Man I loved reading comic books.
Not only did the comic book publishers back then try to entertain us, many of them also tried to sell us things. Most of the comic books in the ’50s and early ’60s were filled with advertisements — ads aimed at kids.
I remember one particular ad for a product called White Cloverine Salve. Rather than trying to sell skin ointment to a bunch of 10 year olds kids, however, the ad was designed to solicit kids to sell the salve from door-to-door. And instead of paying kids money to do this, they rewarded kids with points that were redeemable for prizes.
Oh, how they made those prizes appealing! The ads displayed eye-catching photos of baseballs, bats and gloves, yo-yos, games, dolls and a wide assortment of toys.
Naturally, the more you sold the greater the rewards. For those who did as well as Tommy B in Buffalo, Cindy R in Phoenix, or Billy S in Peoria, the sky was the limit! The testimonials from kids around the country proclaimed that hundreds of kids had won the really big prizes like Daisy air rifles, Radio Flyer wagons and every kid’s ultimate prize — new Schwinn bicycles!
Boy those prizes used to dance in my head! Kids in school would talk incessantly about all of the cool prizes! The fact is, though, that I knew a number of kids who signed up to try their hand at hawking salve — but I never saw one of them riding a new Schwinn.

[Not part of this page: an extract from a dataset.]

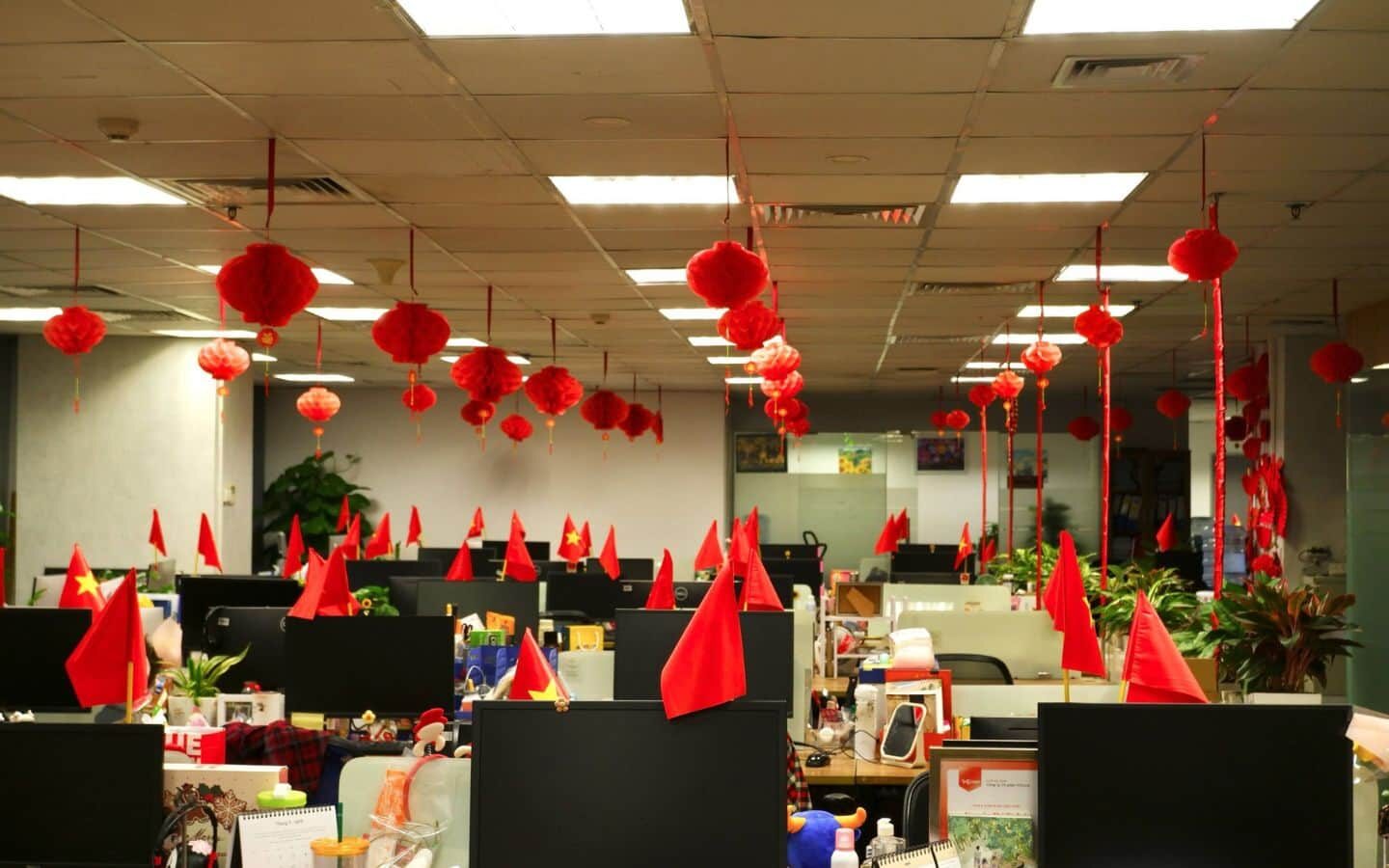 10+ Ý tưởng trang trí văn phòng 2/9 đẹp, độc đáo 6 Cân bằng nét rực rỡ của ngày lễ với sự chỉn chu, an toàn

For some reason I was never tempted to sell that salve. Even then I used to wonder who in the world was going to buy salve from some kid knocking on their door. Heck, truth be told, I didn’t even know what salve was.
Even so, it’s a nice memory.
Comic books, as we knew them, died out sometime in the ’70s or ’80s — long after I had quit reading them. I think that’s kind of sad. I loved reading comic books.
I used to have a huge cardboard box filled with comic books that I kept in my bedroom back when I was a kid. I often wonder what that box would be worth today.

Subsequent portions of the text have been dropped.